Cotonou - Benin holds presidential elections on Sunday after the West African nation twice postponed the ballot, with preparations having been far from complete and scores of people left off the voter roll.

President Boni Yayi will be seeking a second term in the vote, with the former banker who promised a crack down on corruption when he entered office in 2006 now under fire over a Ponzi scheme that robbed thousands of their savings.

The election in the former French colony perhaps best known as the heartland of voodoo also follows heavy flooding last year that the United Nations says affected some 680 000 people.

A range of issues led to two postponements of the ballot, including electoral officials' failure to deliver voter cards on time as well as designate and train polling station agents.

February 27 was the initial election date, which was twice pushed back one week.

But it was the electoral roll that drew the most controversy, with the country of 9.2 million people employing an electronic voter list using biometric fingerprinting for the first time.

The opposition alleged that more than a million people were left off the list, while others said the figure was much lower. Police fired tear gas to break up an opposition protest over the issue late last month.

Electoral officials said this week they identified nearly 300 000 people who had sought to register but were unable to do so and began an operation to sign them up on Wednesday.

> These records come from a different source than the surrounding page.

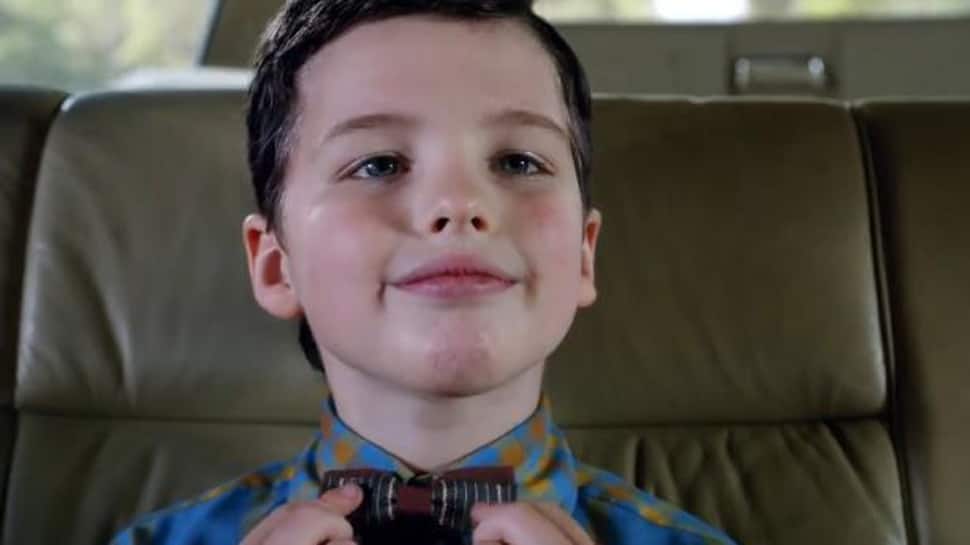 'Young Sheldon' star Iain Armitage wants to visit India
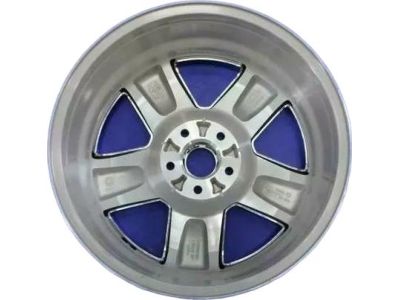 Mopar 5105691AA Aluminum Wheel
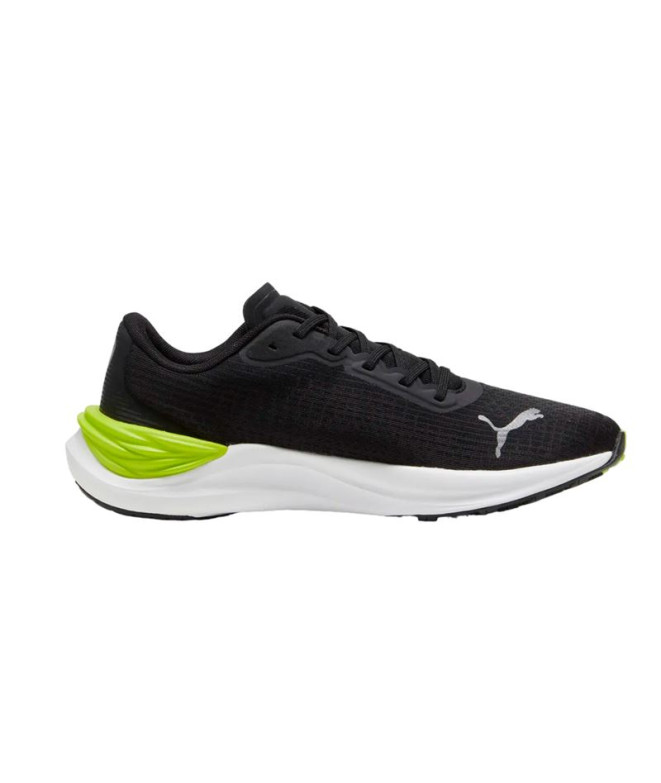Zapatillas Puma Electrify NITRO 3 Negro/Lima...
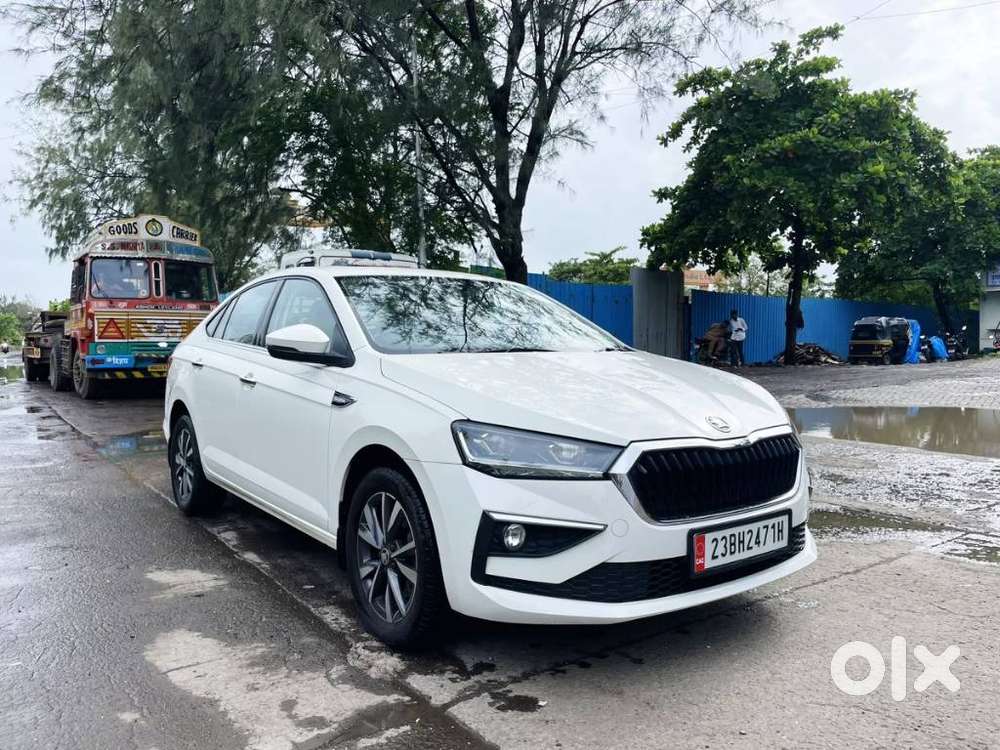 Skoda Slavia 1.5 Tsi Style Dsg, 2023, Petrol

The process was to be wrapped up on Thursday.

The mop-up registration period has drawn criticism from those who say the amount of people allowed to sign up should be higher.

Strong challenge

Despite such issues as well as persistent corruption, Benin politics is seen as having advanced significantly over the last two decades.

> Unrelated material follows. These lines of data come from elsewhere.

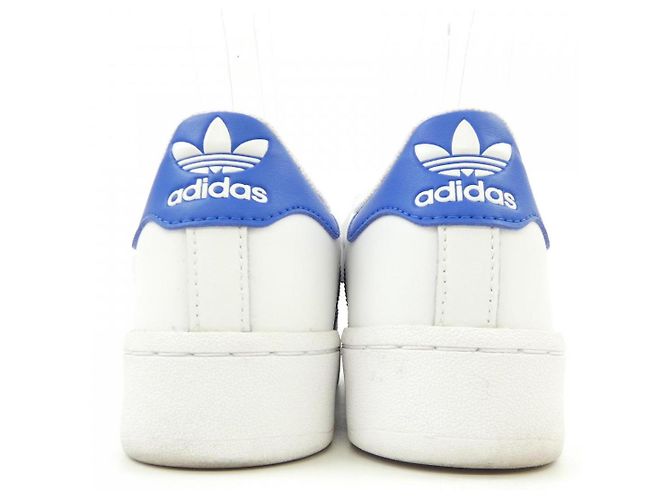 Autre Marque Sneakers Adidas Bianco Blu - vista 5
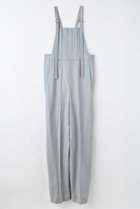 【エンフォルド/ENFOLD】のAPRON OVERALLS トップグレー|ID: prp329100004757719 ipo3291000000034419974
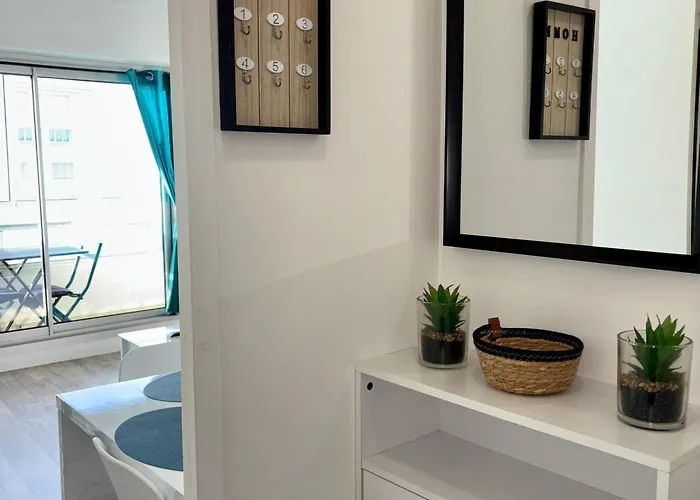 아파트 Cosy A 50m De La A St Hilaire De Riez - Fr-1-323-561 생 힐레르 드 리에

Dictator-turned-president Mathieu Kerekou's Marxist rule in the 1970s and 80s led to Benin instituting multiparty democracy in 1990. The 2006 election won by Yayi was generally viewed as free and fair by international observers.

Yayi faces a strong challenge from veteran politician Adrien Houngbedji, backed by many of the country's traditional political elites.

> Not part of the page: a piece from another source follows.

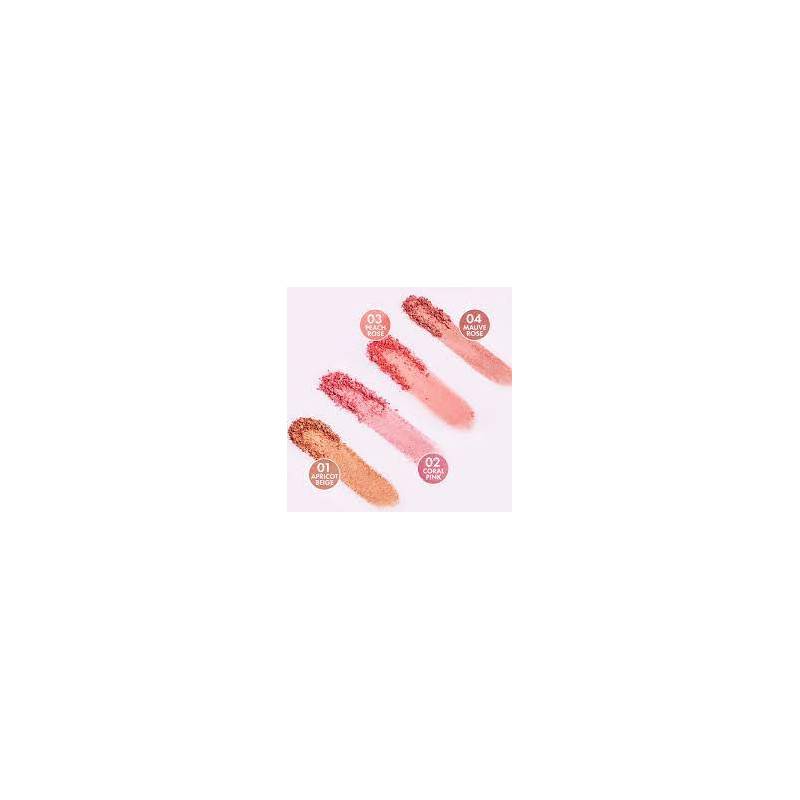 Goovi I'm Not Shy 03 Peach Rose Beige Blush Goovi I'm Not Shy 03 Peach Rose Beige Blush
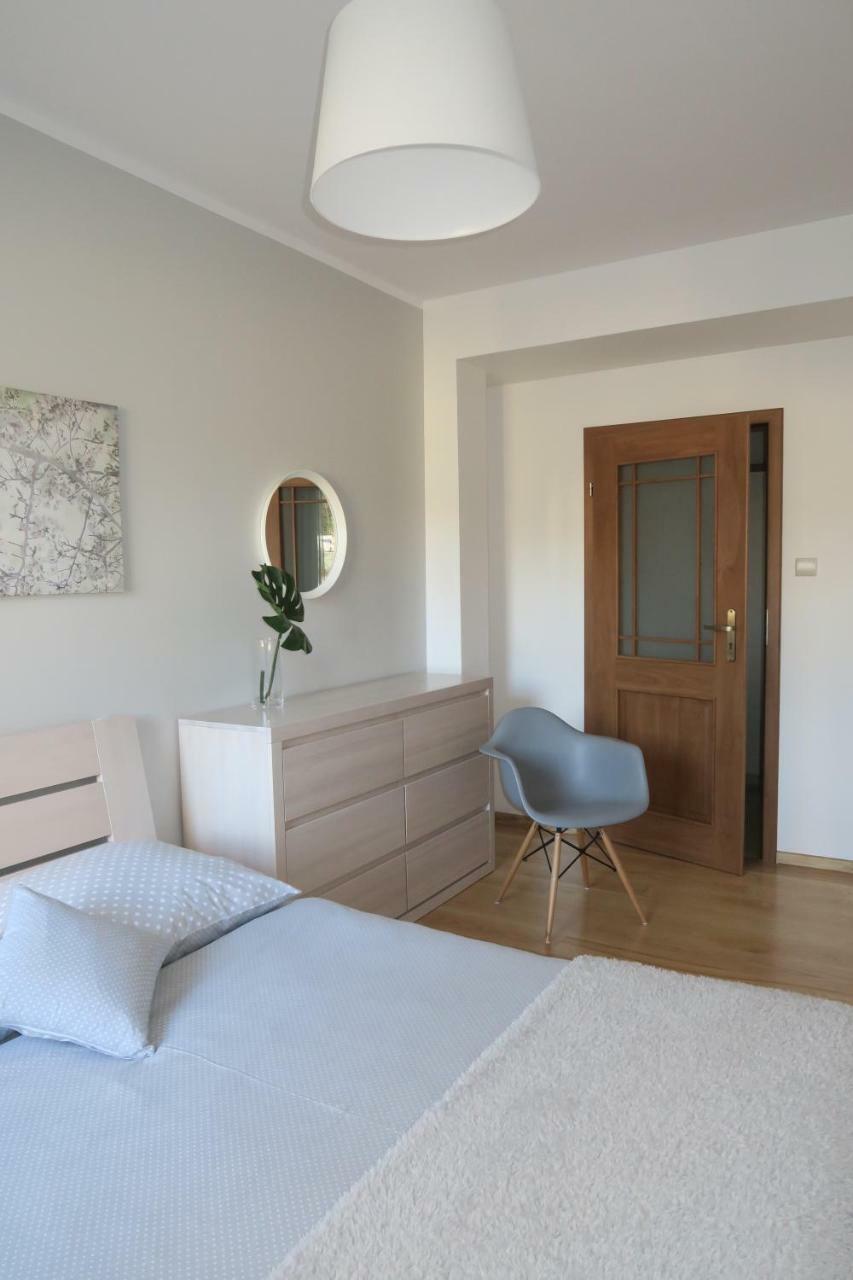 Apartament Barlinek Buitenkant foto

A third candidate, former IMF official Abdoulaye Bio Tchane, could be a spoiler in the race that features 14 contenders. If no candidate scores an absolute majority, a second round will be held two weeks later.

The election has been seen as a battle between old and new generations, with Yayi, 58, viewed as a symbol of change when he took 75% of the vote in 2006's runoff, when he also faced Houngbedji, 69.

However, corruption allegations against him have provided an opening for a potential return by the older generation represented by Houngbedji, who has competed in every presidential race since multiparty democracy began.

"Houngbedji's camp knows that their future is at stake in these elections," said Malick Gomina, head of the Fraternite media group.

"If they lose, it's the political death of an entire generation of politicians who have always been in power and who want to remain there."

Special attention

Yayi, an economist who worked at the Central Bank of West African States, has had anything but a smooth ride during his first five-year term.

He has been hit by a series of corruption scandals, most prominently involving an alleged Ponzi scheme by a firm he was accused of assisting.

The scheme, reminiscent of the Bernard Madoff scandal in the United States, left scores of people in financial ruin and prompted calls for Yayi to be tried for allegedly favouring the company, ICC Services. Yayi denies any wrongdoing.

Victims say government officials endorsed the company and signaled that its promises of lavish returns were legitimate by giving it special attention, including appearing with its management on television.

Besides that, Benin was the hardest-hit by devastating West African flooding last year, according to the United Nations.

In Benin alone, floods destroyed 55 000 homes, killed tens of thousands of livestock and affected some 680 000 people, the UN said. At least 46 people were reported dead.

Yayi, however, has also won plaudits for certain efforts aimed at helping the country's poor, including a vast microcredit programme.